Caption-style text data
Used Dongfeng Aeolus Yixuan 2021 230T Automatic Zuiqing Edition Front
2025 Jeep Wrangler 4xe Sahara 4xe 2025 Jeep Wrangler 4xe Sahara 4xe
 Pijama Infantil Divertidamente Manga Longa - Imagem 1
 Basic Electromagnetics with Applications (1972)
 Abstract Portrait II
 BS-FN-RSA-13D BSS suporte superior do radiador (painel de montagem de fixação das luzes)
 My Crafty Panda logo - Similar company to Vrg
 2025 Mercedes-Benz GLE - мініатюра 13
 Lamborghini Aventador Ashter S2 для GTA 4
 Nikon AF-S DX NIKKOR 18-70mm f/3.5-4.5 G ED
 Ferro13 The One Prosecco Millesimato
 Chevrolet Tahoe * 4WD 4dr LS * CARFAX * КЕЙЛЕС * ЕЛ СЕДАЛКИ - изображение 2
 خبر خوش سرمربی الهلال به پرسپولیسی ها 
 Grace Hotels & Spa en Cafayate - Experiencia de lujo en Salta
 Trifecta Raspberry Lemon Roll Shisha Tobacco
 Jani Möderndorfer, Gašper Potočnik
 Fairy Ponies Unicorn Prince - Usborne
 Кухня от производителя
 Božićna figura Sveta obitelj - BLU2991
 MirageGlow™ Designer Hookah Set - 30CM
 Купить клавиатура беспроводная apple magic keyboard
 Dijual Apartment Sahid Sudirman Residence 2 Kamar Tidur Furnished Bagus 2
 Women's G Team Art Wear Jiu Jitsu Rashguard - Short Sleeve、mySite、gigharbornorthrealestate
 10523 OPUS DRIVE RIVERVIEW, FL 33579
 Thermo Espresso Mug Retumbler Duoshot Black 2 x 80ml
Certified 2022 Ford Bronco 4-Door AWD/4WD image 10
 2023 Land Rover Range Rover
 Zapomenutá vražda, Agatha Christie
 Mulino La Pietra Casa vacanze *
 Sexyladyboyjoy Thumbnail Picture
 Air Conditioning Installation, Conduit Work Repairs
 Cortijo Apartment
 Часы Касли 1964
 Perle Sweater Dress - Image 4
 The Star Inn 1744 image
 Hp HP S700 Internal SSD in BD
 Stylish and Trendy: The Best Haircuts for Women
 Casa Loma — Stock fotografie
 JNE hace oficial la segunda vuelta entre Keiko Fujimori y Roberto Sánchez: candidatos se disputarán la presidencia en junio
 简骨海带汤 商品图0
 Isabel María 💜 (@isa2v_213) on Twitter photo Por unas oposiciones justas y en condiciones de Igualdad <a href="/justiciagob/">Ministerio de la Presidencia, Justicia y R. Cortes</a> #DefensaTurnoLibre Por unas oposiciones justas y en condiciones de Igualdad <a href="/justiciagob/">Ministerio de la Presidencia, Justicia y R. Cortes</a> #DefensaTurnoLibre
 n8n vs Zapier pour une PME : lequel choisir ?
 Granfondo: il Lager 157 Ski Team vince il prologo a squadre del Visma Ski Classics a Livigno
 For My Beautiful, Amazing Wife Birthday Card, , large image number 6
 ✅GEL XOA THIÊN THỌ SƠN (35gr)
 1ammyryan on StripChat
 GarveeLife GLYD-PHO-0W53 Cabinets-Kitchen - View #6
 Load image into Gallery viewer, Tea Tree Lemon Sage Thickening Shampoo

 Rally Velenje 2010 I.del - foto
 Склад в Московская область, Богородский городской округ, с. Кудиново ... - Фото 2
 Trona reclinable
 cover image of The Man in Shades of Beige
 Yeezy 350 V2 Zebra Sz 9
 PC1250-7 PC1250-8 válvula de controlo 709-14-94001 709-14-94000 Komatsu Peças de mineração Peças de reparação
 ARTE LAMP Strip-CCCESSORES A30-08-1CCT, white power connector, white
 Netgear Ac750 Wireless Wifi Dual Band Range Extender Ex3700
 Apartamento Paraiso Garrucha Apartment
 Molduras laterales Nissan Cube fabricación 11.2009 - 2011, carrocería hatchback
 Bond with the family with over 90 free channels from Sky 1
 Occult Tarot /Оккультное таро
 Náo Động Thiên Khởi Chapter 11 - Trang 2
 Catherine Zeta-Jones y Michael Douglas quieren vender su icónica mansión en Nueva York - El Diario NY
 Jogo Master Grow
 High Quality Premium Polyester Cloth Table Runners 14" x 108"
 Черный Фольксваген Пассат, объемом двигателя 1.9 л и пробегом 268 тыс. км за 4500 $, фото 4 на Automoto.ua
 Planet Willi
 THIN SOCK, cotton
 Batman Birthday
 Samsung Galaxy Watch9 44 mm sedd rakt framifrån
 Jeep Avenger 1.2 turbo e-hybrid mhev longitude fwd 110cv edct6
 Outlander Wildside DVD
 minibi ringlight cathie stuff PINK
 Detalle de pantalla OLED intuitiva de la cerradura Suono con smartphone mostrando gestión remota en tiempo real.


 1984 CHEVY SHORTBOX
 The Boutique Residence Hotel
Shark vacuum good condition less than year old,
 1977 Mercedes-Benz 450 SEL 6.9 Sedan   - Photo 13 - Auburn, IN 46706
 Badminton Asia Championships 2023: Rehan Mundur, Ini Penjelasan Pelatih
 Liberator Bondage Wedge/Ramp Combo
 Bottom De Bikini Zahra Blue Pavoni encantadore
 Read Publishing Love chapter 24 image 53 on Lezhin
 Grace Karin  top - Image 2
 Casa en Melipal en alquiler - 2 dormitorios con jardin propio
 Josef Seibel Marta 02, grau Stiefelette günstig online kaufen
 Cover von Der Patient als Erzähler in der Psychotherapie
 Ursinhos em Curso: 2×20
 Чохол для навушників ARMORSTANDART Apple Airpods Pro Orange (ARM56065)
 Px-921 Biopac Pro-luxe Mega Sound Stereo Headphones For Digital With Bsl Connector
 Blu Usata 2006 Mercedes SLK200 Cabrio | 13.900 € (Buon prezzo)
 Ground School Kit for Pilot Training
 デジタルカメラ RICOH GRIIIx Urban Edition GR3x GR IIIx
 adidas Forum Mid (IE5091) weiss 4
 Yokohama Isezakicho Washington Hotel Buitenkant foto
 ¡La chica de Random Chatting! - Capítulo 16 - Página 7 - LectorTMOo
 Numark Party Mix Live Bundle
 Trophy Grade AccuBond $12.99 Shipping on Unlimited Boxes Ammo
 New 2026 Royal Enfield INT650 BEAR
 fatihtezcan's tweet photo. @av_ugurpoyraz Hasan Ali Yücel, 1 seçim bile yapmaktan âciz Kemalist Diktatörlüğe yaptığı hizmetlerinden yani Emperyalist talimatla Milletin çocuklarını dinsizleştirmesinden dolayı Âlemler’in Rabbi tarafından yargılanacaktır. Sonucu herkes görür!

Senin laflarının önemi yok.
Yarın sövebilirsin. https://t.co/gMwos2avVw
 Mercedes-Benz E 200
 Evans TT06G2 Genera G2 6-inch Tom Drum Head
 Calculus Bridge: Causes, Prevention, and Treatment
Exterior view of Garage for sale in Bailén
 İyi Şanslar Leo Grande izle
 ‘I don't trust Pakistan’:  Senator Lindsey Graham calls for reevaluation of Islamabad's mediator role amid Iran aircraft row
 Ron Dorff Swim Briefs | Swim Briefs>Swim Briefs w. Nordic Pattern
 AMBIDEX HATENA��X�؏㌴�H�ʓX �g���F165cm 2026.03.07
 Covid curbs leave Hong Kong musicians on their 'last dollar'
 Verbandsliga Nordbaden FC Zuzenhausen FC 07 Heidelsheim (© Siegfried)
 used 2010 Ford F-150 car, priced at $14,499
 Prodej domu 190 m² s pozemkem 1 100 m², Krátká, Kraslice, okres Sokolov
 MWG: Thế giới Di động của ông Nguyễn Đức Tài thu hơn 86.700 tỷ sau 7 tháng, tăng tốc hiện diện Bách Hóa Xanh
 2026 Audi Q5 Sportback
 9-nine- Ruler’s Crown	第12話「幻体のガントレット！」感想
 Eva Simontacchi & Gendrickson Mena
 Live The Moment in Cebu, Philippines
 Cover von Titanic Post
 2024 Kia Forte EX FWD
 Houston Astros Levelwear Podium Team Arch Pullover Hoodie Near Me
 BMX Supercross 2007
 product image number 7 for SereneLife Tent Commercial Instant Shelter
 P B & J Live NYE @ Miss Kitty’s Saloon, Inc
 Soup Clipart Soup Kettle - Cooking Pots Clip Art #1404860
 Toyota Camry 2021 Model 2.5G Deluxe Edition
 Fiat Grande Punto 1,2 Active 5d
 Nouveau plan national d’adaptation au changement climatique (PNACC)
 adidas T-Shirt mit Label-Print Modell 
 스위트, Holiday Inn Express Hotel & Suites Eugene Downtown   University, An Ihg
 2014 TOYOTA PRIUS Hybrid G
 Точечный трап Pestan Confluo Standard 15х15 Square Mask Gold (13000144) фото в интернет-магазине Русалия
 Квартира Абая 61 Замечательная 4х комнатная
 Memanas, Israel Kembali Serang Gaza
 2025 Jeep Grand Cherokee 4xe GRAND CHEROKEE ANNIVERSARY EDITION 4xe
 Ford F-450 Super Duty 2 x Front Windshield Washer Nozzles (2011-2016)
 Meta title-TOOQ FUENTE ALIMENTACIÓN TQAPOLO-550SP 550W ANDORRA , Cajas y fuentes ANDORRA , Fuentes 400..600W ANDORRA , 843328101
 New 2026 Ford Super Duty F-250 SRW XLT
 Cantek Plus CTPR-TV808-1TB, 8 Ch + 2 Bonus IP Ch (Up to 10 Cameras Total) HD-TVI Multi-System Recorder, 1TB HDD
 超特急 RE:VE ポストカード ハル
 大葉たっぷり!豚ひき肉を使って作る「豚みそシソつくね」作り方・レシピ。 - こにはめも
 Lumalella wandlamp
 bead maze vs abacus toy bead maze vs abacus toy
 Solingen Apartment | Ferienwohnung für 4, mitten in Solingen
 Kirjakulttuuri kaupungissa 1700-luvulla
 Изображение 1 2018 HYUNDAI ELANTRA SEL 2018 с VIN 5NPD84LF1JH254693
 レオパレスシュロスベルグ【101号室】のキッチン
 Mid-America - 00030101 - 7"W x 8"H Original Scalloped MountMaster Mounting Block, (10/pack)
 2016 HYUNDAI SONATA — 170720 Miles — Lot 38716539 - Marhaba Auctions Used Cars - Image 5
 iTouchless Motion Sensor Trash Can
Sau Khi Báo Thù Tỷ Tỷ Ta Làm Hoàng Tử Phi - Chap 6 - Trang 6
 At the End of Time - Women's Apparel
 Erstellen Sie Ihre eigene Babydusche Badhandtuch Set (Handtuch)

→ Exercise: Using the records above, copy word for word the line with "Badminton Asia Championships", the line with "New 2026 Royal Enfield INT650 BEAR", and every line between them.

→ Task response:
 Badminton Asia Championships 2023: Rehan Mundur, Ini Penjelasan Pelatih
 Liberator Bondage Wedge/Ramp Combo
 Bottom De Bikini Zahra Blue Pavoni encantadore
 Read Publishing Love chapter 24 image 53 on Lezhin
 Grace Karin  top - Image 2
 Casa en Melipal en alquiler - 2 dormitorios con jardin propio
 Josef Seibel Marta 02, grau Stiefelette günstig online kaufen
 Cover von Der Patient als Erzähler in der Psychotherapie
 Ursinhos em Curso: 2×20
 Чохол для навушників ARMORSTANDART Apple Airpods Pro Orange (ARM56065)
 Px-921 Biopac Pro-luxe Mega Sound Stereo Headphones For Digital With Bsl Connector
 Blu Usata 2006 Mercedes SLK200 Cabrio | 13.900 € (Buon prezzo)
 Ground School Kit for Pilot Training
 デジタルカメラ RICOH GRIIIx Urban Edition GR3x GR IIIx
 adidas Forum Mid (IE5091) weiss 4
 Yokohama Isezakicho Washington Hotel Buitenkant foto
 ¡La chica de Random Chatting! - Capítulo 16 - Página 7 - LectorTMOo
 Numark Party Mix Live Bundle
 Trophy Grade AccuBond $12.99 Shipping on Unlimited Boxes Ammo
 New 2026 Royal Enfield INT650 BEAR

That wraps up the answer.